Exploring Corporate Governance Around the World

By Allison Garrett, Senior Vice President for Academic Affairs at Oklahoma Christian University

Saturday, June 17, 2006

Transatlantic Pay Gap Shrinking

Today's New York Times reports on the shrinking pay gap between U.S. and European companies. Asian CEOs, however, are still paid less than their U.S. and European counterparts.

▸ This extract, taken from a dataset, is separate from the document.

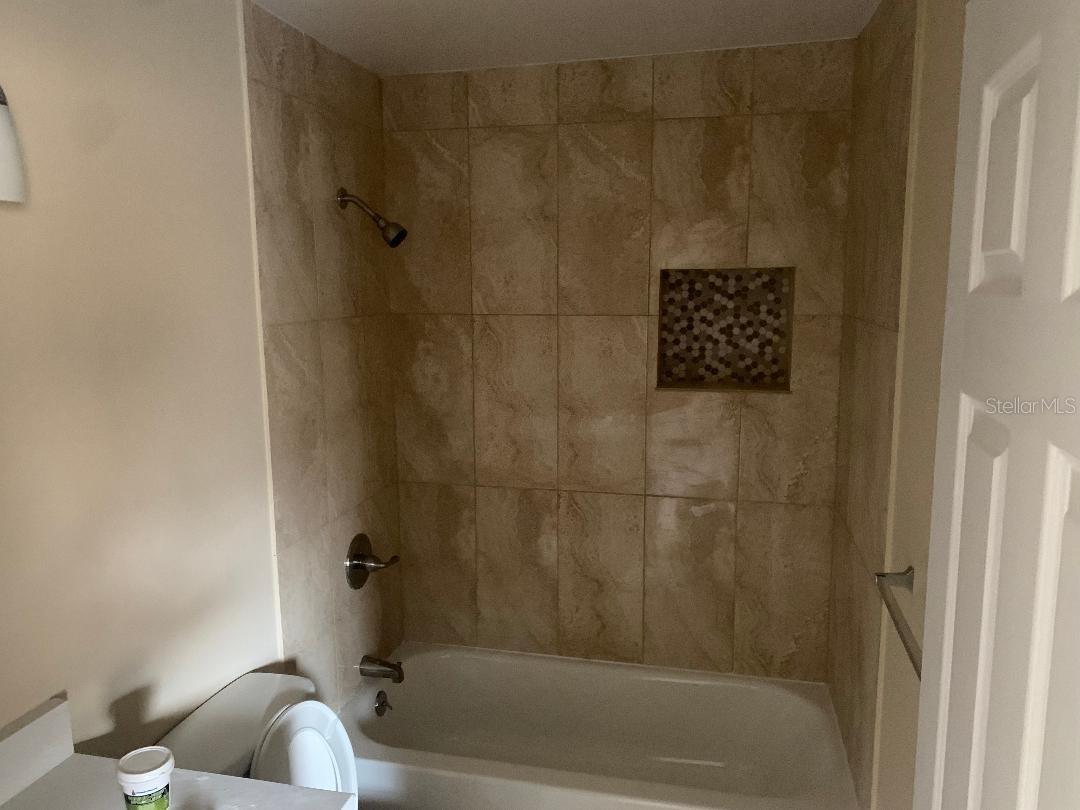 Image 9 of 10 For 2482 Chestnut Woods Drive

Why is the gap narrowing? Among the possibilities are:

1. Comparisons are more frequently international. When Pearl Meyer, Mercer, Hewitt and similar consultants do pay comparisons and characterize executives' pay as 25th, 50th or 75th percentile, they may be looking around the globe for comparators. Due to U.S. disclosure rules, it's fairly easy to see how much executives here make. The proxy statement disclosure about pay, perquisites and stock ownership is quite extensive. Companies also file employment agreements with executive officers as exhibits to their 10-Ks, making it very easy for competitors to know exactly what the compensation arrangement is with a particular executive.
2. U.S. laws are now a bit more strict when it comes to executive pay. Congress passed Internal Revenue Code section 162(m) several years ago, prohibiting deductibility of executive compensation that exceeds $1 million unless several hoops are jumped through by the company's compensation committee and shareholders. In addition, companies are now more focused on governance with respect to executive pay after high-profile scandals and the Disney and NYSE litigation.
3. European companies with U.S. operations are compensating the head of the U.S. operations in line with U.S. standards. This pressures the company to reward its headquarters executives commensurately, as well.